These political shifts, while disruptive, are priced mainly in the months following, and markets will pivot back to fundamentals, such as earnings growth. That said, Indonesia’s move feels riskier; losing Mulyani at a time of high public debt could invite rating agency scrutiny and higher borrowing costs for Southeast Asia’s largest economy.

Crypto consolidates amid uncertainty

Turning to cryptocurrencies, Bitcoin grappled with resistance around US$112,500, consolidating after a recovery from the US$110,000 support zone. The flagship coin traded above US$111,000 and its 100-hour simple moving average, with a bullish trend line holding at US$110,800 on the hourly chart sourced from Kraken data. Bulls pushed past the 50 per cent Fibonacci retracement of the recent swing from US$113,372 to US$110,039, but bears dug in near US$112,600, capping upside.

A break below US$110,800 could trigger a sharper pullback, while staying under US$113,000 might signal more downside.
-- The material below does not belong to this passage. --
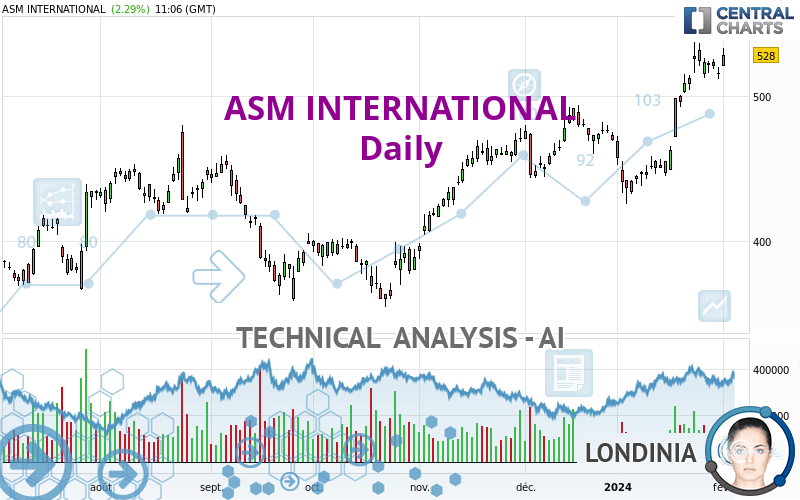 ASM INTERNATIONAL - Giornaliero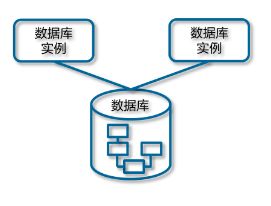 一幅長(zhǎng)文細(xì)學(xué)GaussDB（二） 數(shù)據(jù)庫基礎(chǔ)知識(shí)與計(jì)算機(jī)系統(tǒng)服務(wù)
Recent whale activity added pressure, with large holders offloading 112,000 BTC over the past month, hinting at September’s historical weakness for the asset.

On X, analysts noted Bitcoin boxing between US$112,000 and US$114,000 ahead of key CPI data, urging caution in a video breakdown that highlighted macro tailwinds from Fed cuts. Another post from Swiss Whale Intelligence flagged massive sales of over 5,000 BTC each, underscoring exchange inflows that could weigh on sentiment.

In my opinion, Bitcoin’s current stall reflects a broader crypto market awaiting clarity on US policy, but the setup favours bulls if rate cuts materialise. With mining difficulty hitting all-time highs, network security remains robust, and institutional inflows via ETFs could propel BTC toward US$116,000 if it clears US$113,000 resistance. September often proves choppy for Bitcoin, but this cycle’s momentum from halvings and adoption suggests any dip below US$110,000 offers a buying opportunity rather than a bear trap.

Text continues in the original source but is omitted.